Compared to that the price of adding a buffer plus a clock in the next re-design is less than peanuts. We've been doing this stuff for decades now and gone through plenty of re-designs, which is why I'm amazed it hasn't happened.

But what makes you think sound cards don't have buffers? They do, plenty of it. You can easily cause any modern OS to have multiple seconds of audio lag by cranking the buffer size. People just generally don't want that from their system which is makes all this somewhat tricky.

Of course if you're doing batch processing you hardly care about latency and the problem is trivial except for the fact that if you hit the play button in your post processing software you still expect instant audio output, especially for deciding cut points and whatnot.

> Don’t use Objective-C/Swift on the audio thread.

His argumentation is that Objective-C uses locks internally.

But isn't it possible that those locks (as opposed to application-level locks) cause just negligible pauses, because there's no contention on them?

I guess those internal locks exist to make ObjC's runtime dynamism feasible. One would expect the typical application to not leverage that dynamism (how many apps continously redefine methods under normal operation?).

The problem with locks on a non real time os is that the OS may decide to interrupt your thread while it's holding the lock. No matter how short that is. I do embedded I've had similar things happen when the 'lock' is held for just a few instructions.

Tip: If you suspect crap like this, adding spin delays will make it happen often enough to debug.

By any chance do you have any references or information on how to do this (adding a spin delay)? It sounds interesting. -thanks :)

In C it's very simple

   volatile int cnt = 0x1000;

I've grown so paranoid of optimizing compilers this wouldn't even cross my mind. But it is correct, right?

Not OP, but the “volatile” qualifier should prevent the compiler from optimizing it out.

Yeah should.

Multicore super scalar processors make me nervous about my assumptions. I wouldn't put it past one of them to realize that the result is unused and nop it.

It's always good to check.

I see now, thanks!

It is possible to use Swift on audio thread.

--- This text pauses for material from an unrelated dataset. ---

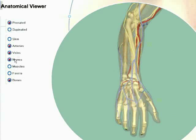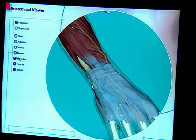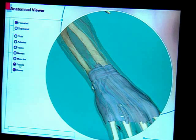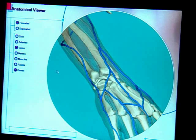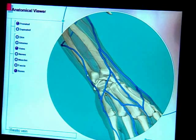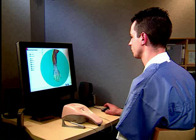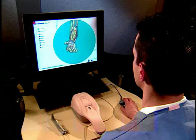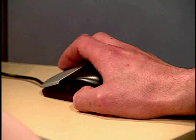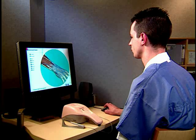You can dissect the anatomical structures by clicking on the button corresponding to the structure. Deselecting a structure causes it to fade, while selecting a structure causes it to reappear. This function allows you to focus on only the structures you desire to view. To zoom in and out of the arm, scroll the middle mouse button.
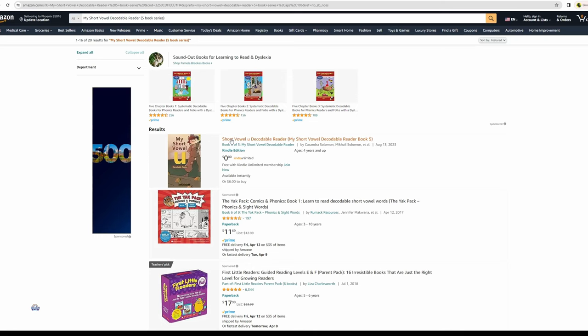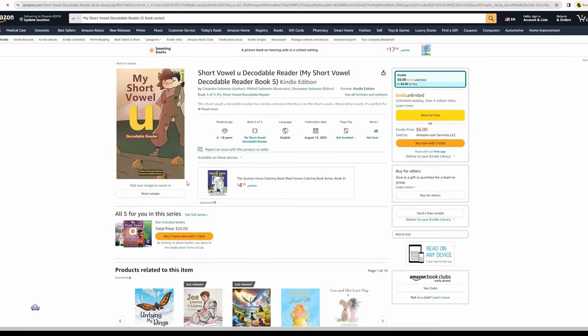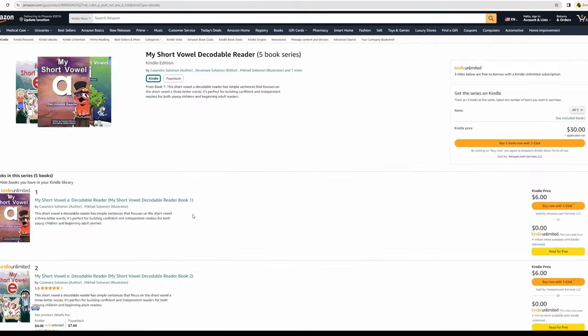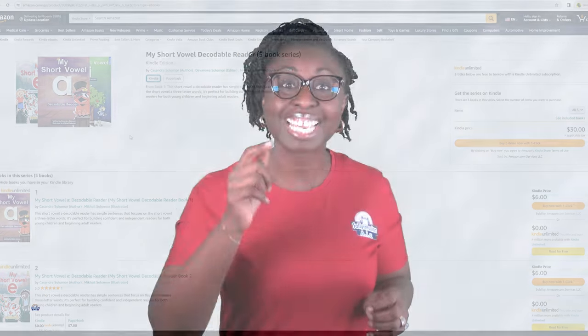You can look in the description and you will find many more videos related to reading. You will also find videos related to grammar. Our short vowels decodable books are available on Amazon — you can find the link in the description below. Please don't forget to subscribe.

You have to be careful not to use any reference counted (i.e. class) objects. If you do need to perform allocations (e.g. creating CMSampleBuffer instances), use a custom allocator.

I had someone on the Swift compiler team tell me unequivocally that they make no real time guarantees. Unless you can point to somewhere in the language documentation that the runtime is guaranteed not to ever do X, then I would not assume that you could. (me: former Apple CoreAudio engineer)

If there’s no contention, why do you think they’re there?

They could be there as a guardrail for a worst-case scenario, without them being particularly needed for the average use case.

You can use Objective C on the audio thread just fine in practice. Just don’t call out.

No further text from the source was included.